A grizzly fends off ravens from a bison carcass in Grand Teton National Park.
This photo was originally published in “Yellowstone: Wild Heart of a Continent” in May 2016.
Wildlife photographers know that getting a perfect image of an animal requires skill, yes, but also an incredible amount of luck. The subjects often don’t cooperate, and if they do, the light, weather, and field conditions have to align—usually just long enough for a single frame.

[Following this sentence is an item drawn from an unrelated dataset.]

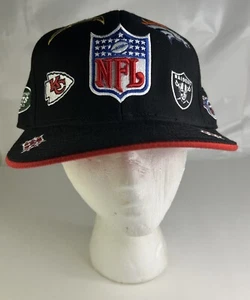 Black Reebok On Field NFL AFC Team Logos Fitted Baseball Hat Cap - Picture 1 of 7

National Geographic published thousands of images of wildlife in print and online in 2016. Our favorites were the ones that captured a vulnerable animal at a vulnerable moment. Two National Geographic photographers, Charlie Hamilton James and Tim Laman, were named Wildlife Photographers of the Year by the Natural History Museum in London for their work photographing threatened orangutans in Borneo (Laman) and dwindling vulture populations across Africa (James). Joel Sartore’s Photo Ark portrait series continues to add new species to the photographic record of life on Earth.
What makes a successful wildlife image? “So much of it is context and environment,” says photo editor Jehan Jillani, who curated this final edit of 20 images. “A lot of these are endangered or at risk animals, so the best photos demonstrate in one frame why they’re worth attention." Or in other words, showing in a single shot what makes them special.